Rakuten skipper Dave Okubo’s aggressive base running has led to some head scratching in Sendai.

On this week’s Japan Baseball Weekly Podcast, host John E. Gibson interviewed Julio Franco, the player-manager of the Ishikawa Million Stars in Japan’s independent Baseball Challenge League. One topic they discussed was being aggressive on the bases. Japanese teams tend toward playing station-to-station ball,  but Hiromoto “Dave” Okubo, the new manager of the Rakuten Eagles, likes players to take more risks on the bases.
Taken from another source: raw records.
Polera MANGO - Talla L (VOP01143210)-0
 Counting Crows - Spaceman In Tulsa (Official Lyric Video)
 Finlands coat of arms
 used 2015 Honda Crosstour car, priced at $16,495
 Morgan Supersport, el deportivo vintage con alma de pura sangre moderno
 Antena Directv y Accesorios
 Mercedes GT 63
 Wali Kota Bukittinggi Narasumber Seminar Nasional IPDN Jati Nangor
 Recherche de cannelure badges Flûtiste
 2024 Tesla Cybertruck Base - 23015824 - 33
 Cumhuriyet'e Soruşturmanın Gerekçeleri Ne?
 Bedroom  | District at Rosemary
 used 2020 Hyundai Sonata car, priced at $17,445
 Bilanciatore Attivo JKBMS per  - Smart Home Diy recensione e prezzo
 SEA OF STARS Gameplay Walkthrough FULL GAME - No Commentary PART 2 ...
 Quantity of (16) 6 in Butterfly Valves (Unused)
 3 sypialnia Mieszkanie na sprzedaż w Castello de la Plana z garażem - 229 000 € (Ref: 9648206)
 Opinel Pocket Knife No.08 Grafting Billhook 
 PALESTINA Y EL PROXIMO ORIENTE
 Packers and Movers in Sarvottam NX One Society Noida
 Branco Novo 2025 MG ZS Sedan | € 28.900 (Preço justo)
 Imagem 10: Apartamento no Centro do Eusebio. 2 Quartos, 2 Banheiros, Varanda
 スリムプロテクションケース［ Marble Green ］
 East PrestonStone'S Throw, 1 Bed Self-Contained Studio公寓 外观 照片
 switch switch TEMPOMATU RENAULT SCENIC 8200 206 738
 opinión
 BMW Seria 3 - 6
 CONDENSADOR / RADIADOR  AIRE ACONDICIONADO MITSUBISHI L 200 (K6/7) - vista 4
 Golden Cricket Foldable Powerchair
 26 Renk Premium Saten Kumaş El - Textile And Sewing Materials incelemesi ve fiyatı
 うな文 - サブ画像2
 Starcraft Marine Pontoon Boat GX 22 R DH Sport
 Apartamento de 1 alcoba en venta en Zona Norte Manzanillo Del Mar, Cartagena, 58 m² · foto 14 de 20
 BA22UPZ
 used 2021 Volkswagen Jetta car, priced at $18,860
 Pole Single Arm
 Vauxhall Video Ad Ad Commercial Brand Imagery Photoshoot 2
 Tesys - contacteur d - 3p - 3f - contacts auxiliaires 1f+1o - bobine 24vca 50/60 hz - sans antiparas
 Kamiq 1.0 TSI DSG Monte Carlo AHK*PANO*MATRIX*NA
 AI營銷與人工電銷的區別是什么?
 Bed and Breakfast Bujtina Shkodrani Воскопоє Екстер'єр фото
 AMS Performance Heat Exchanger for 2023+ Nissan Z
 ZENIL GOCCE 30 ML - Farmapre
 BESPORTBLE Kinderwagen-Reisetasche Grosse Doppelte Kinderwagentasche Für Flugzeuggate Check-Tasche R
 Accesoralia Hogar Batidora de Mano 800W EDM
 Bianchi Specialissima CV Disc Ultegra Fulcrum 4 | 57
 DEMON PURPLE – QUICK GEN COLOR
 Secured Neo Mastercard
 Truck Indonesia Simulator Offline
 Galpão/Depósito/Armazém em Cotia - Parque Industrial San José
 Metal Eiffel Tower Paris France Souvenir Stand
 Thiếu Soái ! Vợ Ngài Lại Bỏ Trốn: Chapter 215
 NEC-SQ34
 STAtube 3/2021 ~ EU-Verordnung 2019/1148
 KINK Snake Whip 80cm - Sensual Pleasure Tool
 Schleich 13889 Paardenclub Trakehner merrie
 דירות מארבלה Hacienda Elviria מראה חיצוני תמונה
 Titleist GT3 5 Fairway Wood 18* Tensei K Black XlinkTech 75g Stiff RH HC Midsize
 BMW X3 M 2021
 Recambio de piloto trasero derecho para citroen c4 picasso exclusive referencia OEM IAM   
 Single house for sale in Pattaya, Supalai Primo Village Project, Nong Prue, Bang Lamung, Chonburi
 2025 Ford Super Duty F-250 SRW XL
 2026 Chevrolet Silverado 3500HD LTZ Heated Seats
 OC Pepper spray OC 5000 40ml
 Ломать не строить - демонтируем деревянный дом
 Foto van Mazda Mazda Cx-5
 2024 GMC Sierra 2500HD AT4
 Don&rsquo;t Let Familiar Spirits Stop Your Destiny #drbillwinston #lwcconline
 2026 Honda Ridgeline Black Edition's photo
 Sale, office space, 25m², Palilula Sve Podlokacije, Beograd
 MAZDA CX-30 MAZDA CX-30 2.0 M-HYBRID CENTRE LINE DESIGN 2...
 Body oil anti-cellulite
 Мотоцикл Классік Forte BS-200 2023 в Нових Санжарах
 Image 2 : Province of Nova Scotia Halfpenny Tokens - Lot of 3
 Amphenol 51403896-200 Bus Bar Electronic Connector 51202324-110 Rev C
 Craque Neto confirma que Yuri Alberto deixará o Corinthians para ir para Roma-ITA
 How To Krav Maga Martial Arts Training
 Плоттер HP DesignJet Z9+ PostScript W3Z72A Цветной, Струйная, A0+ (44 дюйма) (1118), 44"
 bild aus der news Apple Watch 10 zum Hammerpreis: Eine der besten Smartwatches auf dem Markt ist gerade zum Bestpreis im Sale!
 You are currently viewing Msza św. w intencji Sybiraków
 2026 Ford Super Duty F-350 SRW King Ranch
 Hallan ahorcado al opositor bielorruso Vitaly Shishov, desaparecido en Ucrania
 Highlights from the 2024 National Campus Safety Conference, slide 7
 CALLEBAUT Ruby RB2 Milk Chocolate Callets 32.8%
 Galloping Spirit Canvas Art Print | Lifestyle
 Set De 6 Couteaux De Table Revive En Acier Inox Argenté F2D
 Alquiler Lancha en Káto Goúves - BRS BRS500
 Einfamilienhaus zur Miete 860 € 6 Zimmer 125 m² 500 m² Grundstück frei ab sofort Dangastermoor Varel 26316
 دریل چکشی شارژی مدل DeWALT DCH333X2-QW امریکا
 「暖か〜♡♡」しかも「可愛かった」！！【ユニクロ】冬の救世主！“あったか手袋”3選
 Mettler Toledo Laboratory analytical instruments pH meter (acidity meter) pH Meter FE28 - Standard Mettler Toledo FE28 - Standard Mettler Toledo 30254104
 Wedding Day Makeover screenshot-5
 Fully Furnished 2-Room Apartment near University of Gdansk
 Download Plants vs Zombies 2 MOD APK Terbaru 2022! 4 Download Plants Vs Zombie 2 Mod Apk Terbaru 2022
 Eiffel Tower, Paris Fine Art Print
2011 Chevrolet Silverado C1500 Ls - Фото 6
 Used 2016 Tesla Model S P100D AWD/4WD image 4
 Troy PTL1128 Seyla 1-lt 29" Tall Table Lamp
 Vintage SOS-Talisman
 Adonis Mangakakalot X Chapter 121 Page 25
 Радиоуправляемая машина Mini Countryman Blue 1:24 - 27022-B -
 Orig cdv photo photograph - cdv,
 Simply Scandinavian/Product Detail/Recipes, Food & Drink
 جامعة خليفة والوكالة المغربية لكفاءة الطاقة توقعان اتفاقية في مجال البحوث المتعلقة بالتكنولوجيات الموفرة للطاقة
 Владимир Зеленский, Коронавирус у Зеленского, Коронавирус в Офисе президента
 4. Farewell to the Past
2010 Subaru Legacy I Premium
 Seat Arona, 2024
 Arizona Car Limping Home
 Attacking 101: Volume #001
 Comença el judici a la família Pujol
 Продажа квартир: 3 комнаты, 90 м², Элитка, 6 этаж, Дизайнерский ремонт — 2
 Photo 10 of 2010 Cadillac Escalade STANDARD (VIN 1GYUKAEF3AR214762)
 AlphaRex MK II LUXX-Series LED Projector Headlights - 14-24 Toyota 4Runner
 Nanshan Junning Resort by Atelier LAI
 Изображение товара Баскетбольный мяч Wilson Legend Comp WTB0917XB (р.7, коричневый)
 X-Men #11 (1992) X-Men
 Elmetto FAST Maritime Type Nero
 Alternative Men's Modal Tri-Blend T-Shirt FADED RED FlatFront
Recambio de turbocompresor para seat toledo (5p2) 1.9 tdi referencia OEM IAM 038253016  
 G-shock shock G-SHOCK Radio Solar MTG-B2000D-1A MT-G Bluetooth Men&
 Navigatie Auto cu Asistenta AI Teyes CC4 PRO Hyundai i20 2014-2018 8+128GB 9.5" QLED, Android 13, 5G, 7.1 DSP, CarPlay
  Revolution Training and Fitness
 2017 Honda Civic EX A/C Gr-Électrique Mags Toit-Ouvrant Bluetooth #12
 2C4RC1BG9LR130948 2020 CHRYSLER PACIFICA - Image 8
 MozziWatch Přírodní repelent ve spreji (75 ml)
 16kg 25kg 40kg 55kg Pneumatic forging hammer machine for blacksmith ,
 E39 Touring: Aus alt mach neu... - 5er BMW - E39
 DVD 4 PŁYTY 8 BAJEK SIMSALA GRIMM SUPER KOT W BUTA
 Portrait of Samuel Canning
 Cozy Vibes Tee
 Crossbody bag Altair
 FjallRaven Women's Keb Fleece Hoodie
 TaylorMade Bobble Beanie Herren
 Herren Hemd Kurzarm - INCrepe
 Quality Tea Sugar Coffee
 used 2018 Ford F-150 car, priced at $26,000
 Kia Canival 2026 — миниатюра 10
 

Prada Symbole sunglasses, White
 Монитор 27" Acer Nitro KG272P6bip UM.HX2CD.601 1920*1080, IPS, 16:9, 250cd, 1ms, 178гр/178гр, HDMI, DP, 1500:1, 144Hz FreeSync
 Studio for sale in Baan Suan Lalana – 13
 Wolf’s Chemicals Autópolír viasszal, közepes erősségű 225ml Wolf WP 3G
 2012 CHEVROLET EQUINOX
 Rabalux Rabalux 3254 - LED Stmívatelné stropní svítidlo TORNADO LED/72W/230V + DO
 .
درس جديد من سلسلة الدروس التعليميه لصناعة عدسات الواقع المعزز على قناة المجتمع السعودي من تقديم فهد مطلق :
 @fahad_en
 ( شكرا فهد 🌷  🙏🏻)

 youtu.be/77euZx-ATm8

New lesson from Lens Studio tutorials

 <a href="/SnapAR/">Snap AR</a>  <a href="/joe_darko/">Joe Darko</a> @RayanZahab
John and I both appreciate the idea behind taking everything you can get on the bases, but the Eagles’ reckless abandon has come at a cost, something John has begun to comment on.

Through Sunday, Aug. 24, the Eagles have been caught stealing an NPB-high 54 times, a huge factor in the team’s losing the highest percentage of runners on base this season (not counting runners out on ground ball double plays): 6.7 percent. That, and the club’s lack of power — their 67 home runs are last in the Pacific League and 11th fewest in NPB, while they are last in Japan in doubles and triples — contribute to the Eagles scoring just a Japan-low 22.9 percent of their runners on base. The Eagles have the third lowest de facto on-base percentage (the percentage of runners who reach safely by any means): .318.

So the Eagles have the fewest runners on base in the first place, they lose more of those guys running the bases, and their 84 sacrifice hits are third in the PL, so they should be staying out of double plays. But the Eagles’ 73 GDPs are third in NPB, behind the Hawks and Swallows, the league leaaders in OBP.